Some business lost in the storm can be made up, but not all. At Jos. A. Bank Clothiers Inc., “The snow [Dec. 19] had a big impact on traffic. We then expected to see extra traffic during the week, and we did see some, but we did not see a tremendous rush at the end,” said R. Neal Black, president and chief executive officer. “Our bestsellers were our Traveler stain-resistant cashmere sweaters and our Traveler wrinkle-resistant all cotton sport shirts. Customers are still really responding to these high-quality performance products. We had plenty of inventory to meet the demand.

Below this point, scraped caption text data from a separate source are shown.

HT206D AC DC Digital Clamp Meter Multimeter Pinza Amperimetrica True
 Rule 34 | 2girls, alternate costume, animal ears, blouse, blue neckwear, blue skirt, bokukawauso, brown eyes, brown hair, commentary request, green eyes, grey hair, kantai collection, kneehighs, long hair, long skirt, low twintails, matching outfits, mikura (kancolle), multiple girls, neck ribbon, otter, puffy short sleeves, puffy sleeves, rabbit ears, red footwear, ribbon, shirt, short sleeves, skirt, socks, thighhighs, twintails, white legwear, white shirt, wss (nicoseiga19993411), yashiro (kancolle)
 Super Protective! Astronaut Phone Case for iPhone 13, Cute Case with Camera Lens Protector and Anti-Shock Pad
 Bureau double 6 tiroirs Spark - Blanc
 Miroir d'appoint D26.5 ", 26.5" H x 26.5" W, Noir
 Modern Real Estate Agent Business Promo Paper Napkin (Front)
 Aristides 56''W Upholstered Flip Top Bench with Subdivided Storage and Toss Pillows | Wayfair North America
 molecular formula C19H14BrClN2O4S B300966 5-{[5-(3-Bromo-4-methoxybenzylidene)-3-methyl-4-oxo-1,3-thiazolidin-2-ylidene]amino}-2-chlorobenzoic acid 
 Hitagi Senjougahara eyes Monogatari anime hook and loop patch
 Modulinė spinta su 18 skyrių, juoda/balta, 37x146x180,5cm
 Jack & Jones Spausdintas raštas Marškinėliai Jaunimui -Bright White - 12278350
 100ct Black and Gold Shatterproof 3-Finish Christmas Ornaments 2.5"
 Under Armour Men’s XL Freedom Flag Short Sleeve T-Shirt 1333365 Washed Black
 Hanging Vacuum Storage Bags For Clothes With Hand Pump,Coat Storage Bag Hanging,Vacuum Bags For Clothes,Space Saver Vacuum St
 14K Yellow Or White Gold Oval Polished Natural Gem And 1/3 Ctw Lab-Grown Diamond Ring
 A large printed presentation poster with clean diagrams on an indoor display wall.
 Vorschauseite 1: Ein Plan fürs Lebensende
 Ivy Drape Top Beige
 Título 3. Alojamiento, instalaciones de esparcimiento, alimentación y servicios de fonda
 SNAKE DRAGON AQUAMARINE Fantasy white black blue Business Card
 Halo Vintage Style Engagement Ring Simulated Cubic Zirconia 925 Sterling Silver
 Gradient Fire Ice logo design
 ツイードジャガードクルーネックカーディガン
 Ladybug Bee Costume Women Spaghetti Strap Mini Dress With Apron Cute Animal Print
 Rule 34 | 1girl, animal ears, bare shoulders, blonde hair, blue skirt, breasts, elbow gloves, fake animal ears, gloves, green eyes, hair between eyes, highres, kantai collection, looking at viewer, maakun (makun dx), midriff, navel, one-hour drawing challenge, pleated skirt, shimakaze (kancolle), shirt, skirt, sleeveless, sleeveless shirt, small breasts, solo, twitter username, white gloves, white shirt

“I think the rest of the quarter and at least the first half of 2010 are going to remain promotional and it will remain difficult to motivate customers to shop and buy,” Black said. “However, great quality products at great prices still mean great value for customers and they will continue to respond to that.”

Shares of Jos. A. Bank closed down 0.9 percent at $42.45.

“I am very bullish on 2010. The worst is behind us,” added Gilbert Harrison, chairman of Financo Inc. “Consumers feel better about themselves. There is a lot of unemployment. Credit cards are charging 20, 30 percent interest. On the other hand, people have been paying down debt, saving, and they feel better about themselves. It will take a long time for a lot of people to get into the stream, but I think the positives outweigh the negatives. And certain companies we thought were going to go bankrupt got a pass. They will be safe for awhile.”

Caryn Hirshleifer, vice president of legal and marketing for Hirshleifer’s, told WWD, “Thankfully, we continue to be pretty busy this week. Many of our regular clients are away, where it’s warm, but the store is just busy. In the last two or three days, we have sold as much full price as sale product, and it’s not as if we are offering major sales. We are seeing a lot of resort and spring being sold through,” representing roughly 65 percent of the transactions currently.

“Whatever we accomplish this week,” she said, “is going to be helpful but it will not dictate where we end up for the year.”